Aim of the exercise:
This exercise calls for the line with "Apeace(初回限定盤)(DVD付)", the line with "Copra leite coco pouch 24x200ml", and all lines between them in the material below, output exactly and with no other lines.

The data START

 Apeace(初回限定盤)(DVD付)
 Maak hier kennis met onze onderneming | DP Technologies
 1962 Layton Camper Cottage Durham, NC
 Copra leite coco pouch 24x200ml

The data END
The data START

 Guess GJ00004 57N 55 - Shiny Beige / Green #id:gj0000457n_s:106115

The data END
The data START

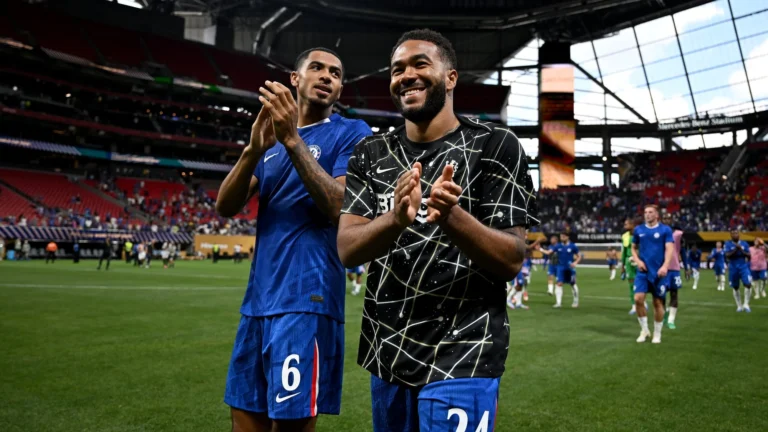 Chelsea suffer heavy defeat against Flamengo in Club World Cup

The data END

Response to this task:
 Apeace(初回限定盤)(DVD付)
 Maak hier kennis met onze onderneming | DP Technologies
 1962 Layton Camper Cottage Durham, NC
 Copra leite coco pouch 24x200ml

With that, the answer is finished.